Unsupervised Parameter Efficient Source-free Post-pretraining

TL;DR

UpStep tackles unsupervised, source-free domain adaptation for large vision models by post-pretraining pretrained backbones with a self-supervised two-stream clustering objective, augmented with center-vector regularization to curb forgetting and a gating mechanism to skip ineffective updates. Parameter efficiency is achieved via LoRA applied to QKV projections, and performance is further boosted by an ensemble of base and UpStep features during evaluation. Across eight diverse target domains and multiple base architectures, UpStep achieves competitive or superior representations while dramatically reducing trainable parameters and training time. The approach demonstrates robust generalization and offers a practical path for adapting foundation models to varied visual domains without access to source data or labels.

Abstract

Following the success in NLP, the best vision models are now in the billion parameter ranges. Adapting these large models to a target distribution has become computationally and economically prohibitive. Addressing this challenge, we introduce UpStep, an Unsupervised Parameter-efficient Source-free post-pretraining approach, designed to efficiently adapt a base model from a source domain to a target domain: i) we design a self-supervised training scheme to adapt a pretrained model on an unlabeled target domain in a setting where source domain data is unavailable. Such source-free setting comes with the risk of catastrophic forgetting, hence, ii) we propose center vector regularization (CVR), a set of auxiliary operations that minimize catastrophic forgetting and additionally reduces the computational cost by skipping backpropagation in 50\% of the training iterations. Finally iii) we perform this adaptation process in a parameter-efficient way by adapting the pretrained model through low-rank adaptation methods, resulting in a fraction of parameters to optimize. We utilize various general backbone architectures, both supervised and unsupervised, trained on Imagenet as our base model and adapt them to a diverse set of eight target domains demonstrating the adaptability and generalizability of our proposed approach.

Paper Structure

This paper contains 20 sections, 7 equations, 5 figures, 4 tables.

Figures (5)

  • Figure 1: Proposed UpStep architecture: During training, we train the pass the augmented view of the input images through the online and offline streams. These online and offline are identical in architecture consisting of LoRA adapted pretrained Base models.
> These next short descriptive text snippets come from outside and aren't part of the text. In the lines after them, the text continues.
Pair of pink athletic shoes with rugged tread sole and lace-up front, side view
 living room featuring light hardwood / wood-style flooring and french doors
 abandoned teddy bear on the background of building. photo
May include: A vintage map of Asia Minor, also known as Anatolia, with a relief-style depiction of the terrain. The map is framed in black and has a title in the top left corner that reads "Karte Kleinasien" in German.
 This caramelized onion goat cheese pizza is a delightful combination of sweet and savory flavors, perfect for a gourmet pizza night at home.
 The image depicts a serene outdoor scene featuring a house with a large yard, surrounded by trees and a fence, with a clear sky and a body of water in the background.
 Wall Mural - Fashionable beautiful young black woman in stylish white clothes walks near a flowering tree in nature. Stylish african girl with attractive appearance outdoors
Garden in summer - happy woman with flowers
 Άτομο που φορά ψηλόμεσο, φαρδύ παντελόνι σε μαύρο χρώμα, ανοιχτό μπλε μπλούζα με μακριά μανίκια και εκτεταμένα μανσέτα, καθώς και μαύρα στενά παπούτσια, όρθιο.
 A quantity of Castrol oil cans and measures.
The encoded representations are projected to the prototype space where an online clustering loss is applied. We apply an auxiliary loss, learning rate regularization and a gating mechanism to skip training for certain iterations conditioned upon the magnitude of center vector, as shown by the shaded region, Center vector regularization. For each layer in ViT model, we adapt the QKV matrices and the projection layers. During evaluation, we only use the LoRA adapted target domain base network in ensemble with the source domain base model.
  • Figure 2: Impact of Center Vector Magnitude on Model Performance. Higher center vector magnitudes correlate with reduced k-NN accuracy for the majority of the datasets, underscoring the stabilizing role of center vector regularization.
  • Figure 3: Impact of Center Vector Regularization on Catastrophic Forgetting. Bar plots shows the difference in accuracy between the ensembled model, and un-ensembled model. Red bars are corresponding to UpStep model with center vector (CV) regularization, while the Blue bars represent the ablated version of UpStep without the CV regularization.
  • Figure 4: Effect of Number of Prototypes on Model Performance. Performance of the model with varying numbers of prototypes in the non-ensemble setting, on Flowers102 dataset nilsback2008automated.
  • Figure 5: Training Time Reduction with Center Vector Conditional Training. (a) Average reduction in training time across datasets. (b) Performance comparison between UpStep with and without center vector (CV cond) conditioned gating. With a comparable performance over the dataset, Upstep with CV conditioned gating reduces the number of training iterations (backpropagation) to 50%.